Ayrıca Ağustos 2008’te Güney Osetya ve Abhazya’da Rus askeri operasyonu sırasında Türkiye’nin itidalı, ölçülü tepkisi daha fazla manidar oldu. Ki Rus askeri operasyonu bu cumhuriyetlerin Gürcistan’dan bağımsız bir statü kazanmasını da güçlendirdi. Daha fazlası, Ankara şaşırtıcı olarak Moskova ile burun buruna gelmesi için Tiflis’e destek vermeye çalışan ABD, Deniz Kuvvetleri’ne bağlı gemilerin Karadeniz İstanbul boğazından geçmesine uzun süre izin vermedi.

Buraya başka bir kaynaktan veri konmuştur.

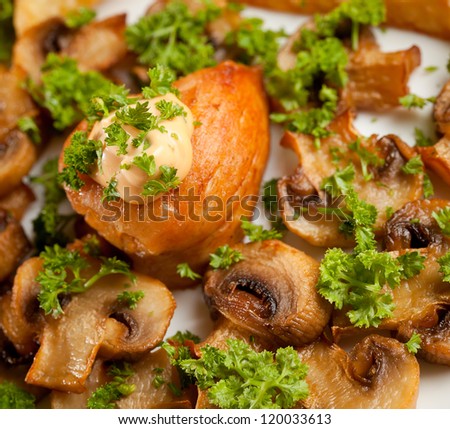 Baked potato with mushrooms and chicken breast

Gözlemciler Moskova ve Ankara arasındaki ilişkilerin artan güven düzeyini Rusya Başbakanı Vladimir Putin ve Türk meslektaşı Recep Tayyip Erdoğan’ın isimleriyle ilişkilendiriyor. Uzmanlar her ülkede çözümü istenilen, talep edilen ortak hedeflerin onları yaklaştırdığına işaret ediyor. Özellikle sayın Putin’in oligarkların iktidardan uzak mesafeli durmasını sağlaması yönündeki adımları, sayın Erdoğan’ın Türkiye silahlı birliklerinin siyasi yaşama etkilerini sınırlandırmak için izlediği politikalarıyla kıyaslanıyor.
Birçok uzmana göre ise şimdiki ortaklığın en temel taşını dev ortak enerji projeleri oluşturuyor. Sayın Ulçenko da bu konuda görüşlerini şöyle kaydetti: “Rus yönetiminin yurtdışı ortaklarına yönelik doğalgaz sevkiyatı hususunda uzun vadeli heveslerini ve elimizdeki doğalgaz rezervlerini göz önünde bulundurursak, bu durumda Türkiye ile stratejik ilişkilerin uzun süre devam edeceğini söyleyebiliriz.”